◆ Work item
Look below for the line that contains "佟丽娅分享雪景美照 笑容甜美宛如梦中情人", then quote it and all the lines after it, exactly, with the pictures left out.

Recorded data

● ● ●

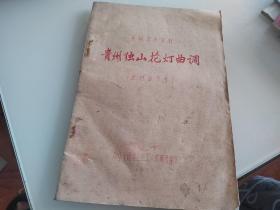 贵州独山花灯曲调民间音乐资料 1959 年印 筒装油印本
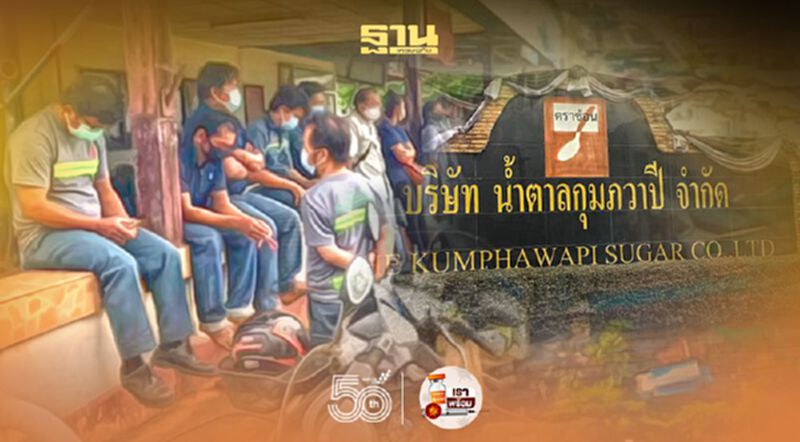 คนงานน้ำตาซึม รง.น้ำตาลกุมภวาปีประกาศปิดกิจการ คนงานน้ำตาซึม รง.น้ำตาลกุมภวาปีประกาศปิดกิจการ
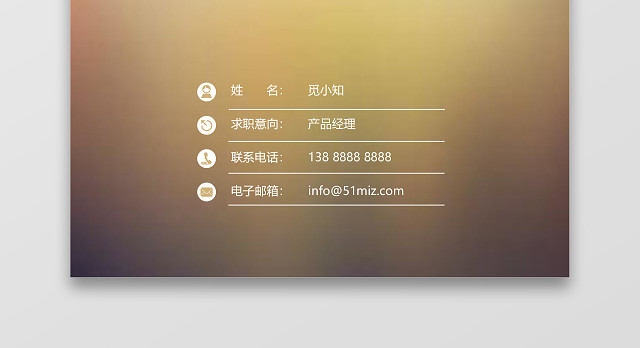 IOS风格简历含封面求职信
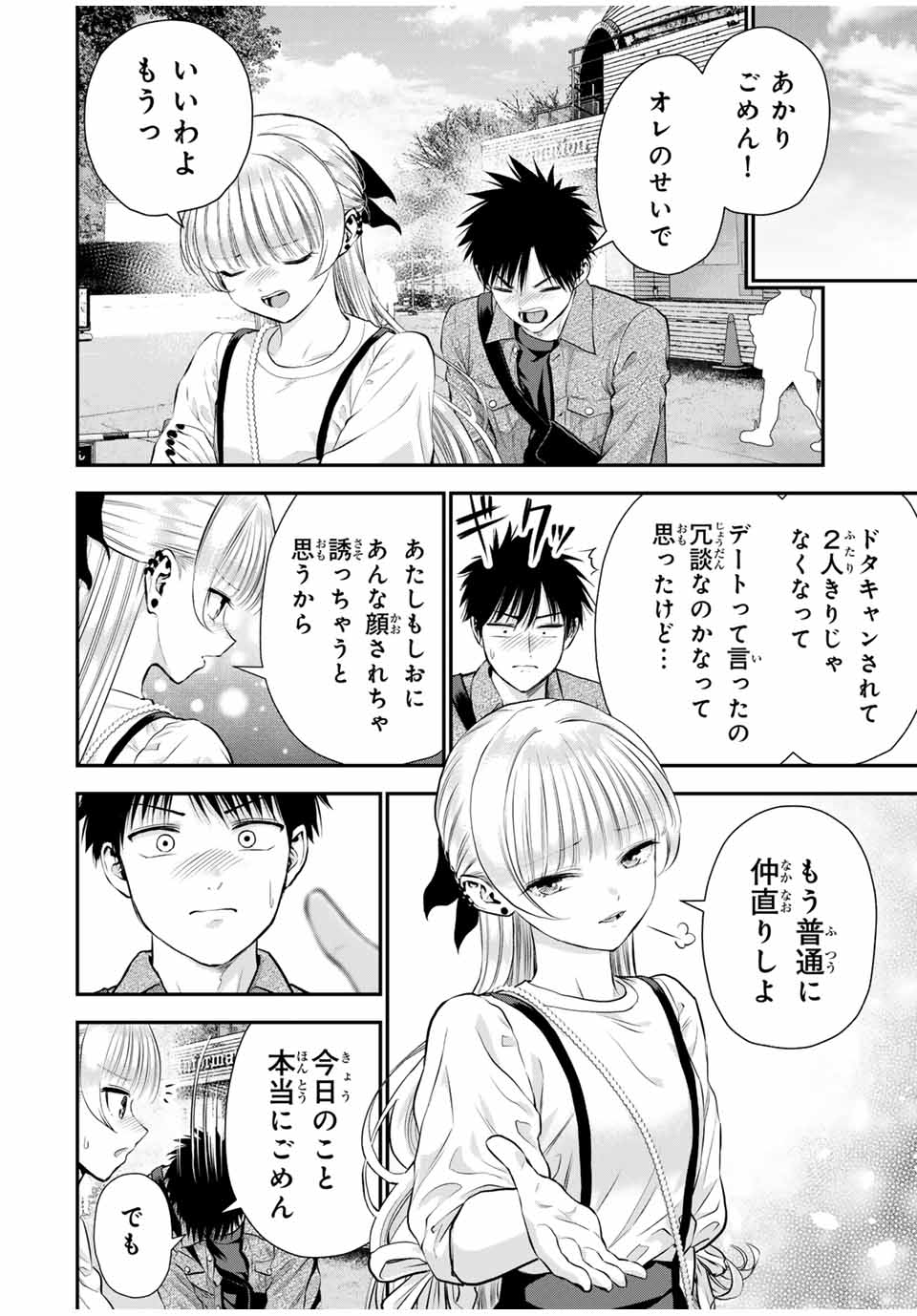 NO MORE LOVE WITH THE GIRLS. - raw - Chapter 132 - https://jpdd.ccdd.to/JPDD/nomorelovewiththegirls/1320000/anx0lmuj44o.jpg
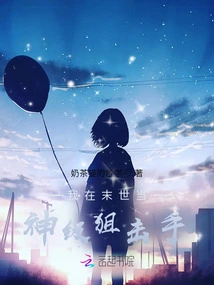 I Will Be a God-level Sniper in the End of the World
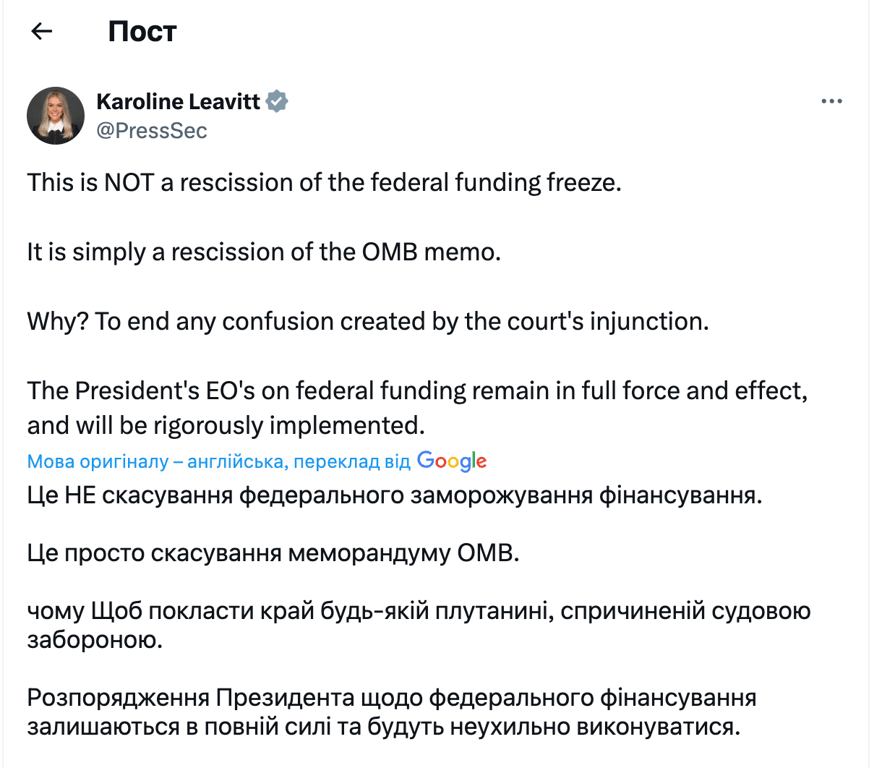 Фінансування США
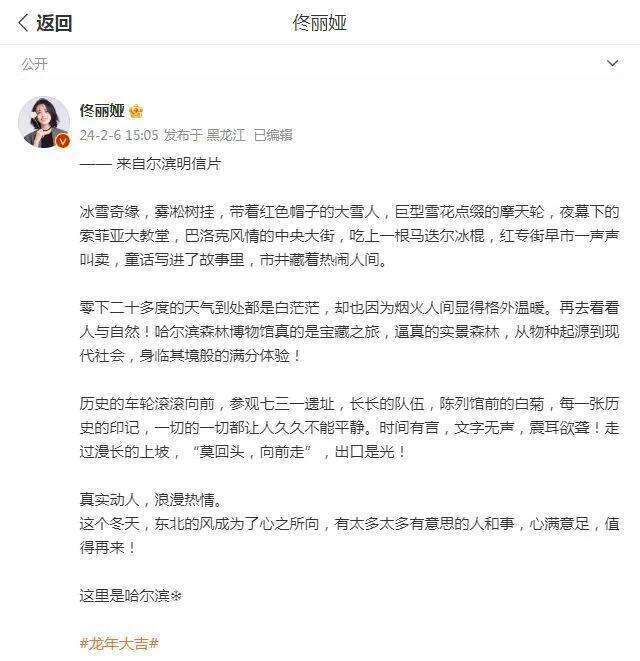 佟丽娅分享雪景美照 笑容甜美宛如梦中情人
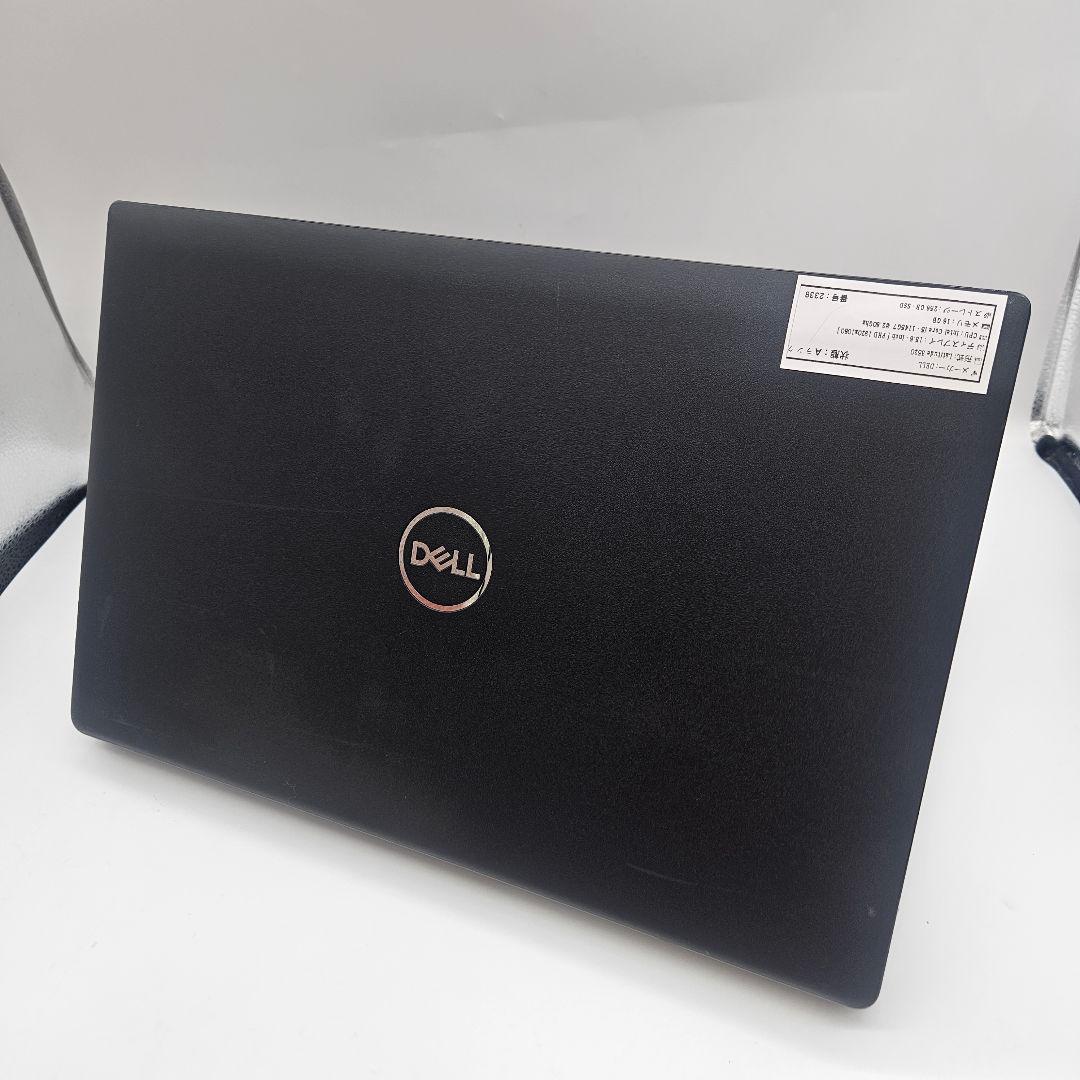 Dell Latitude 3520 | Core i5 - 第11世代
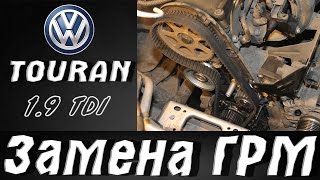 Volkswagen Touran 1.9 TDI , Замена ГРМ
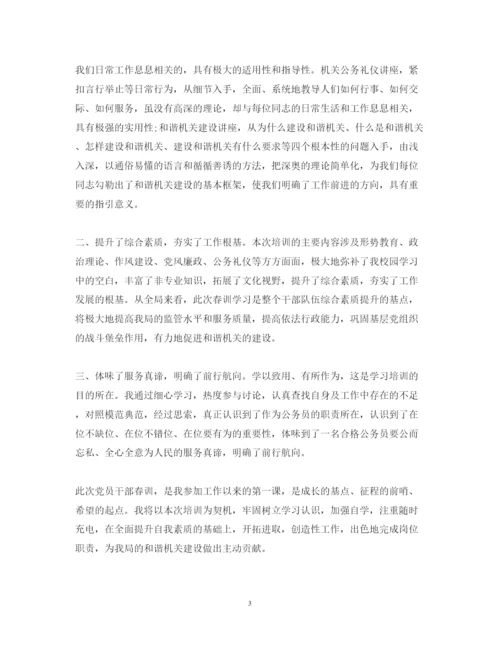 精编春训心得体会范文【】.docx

● ● ●

◆ Answer for this exercise
 佟丽娅分享雪景美照 笑容甜美宛如梦中情人
 Dell Latitude 3520 | Core i5 - 第11世代
 Volkswagen Touran 1.9 TDI , Замена ГРМ
 精编春训心得体会范文【】.docx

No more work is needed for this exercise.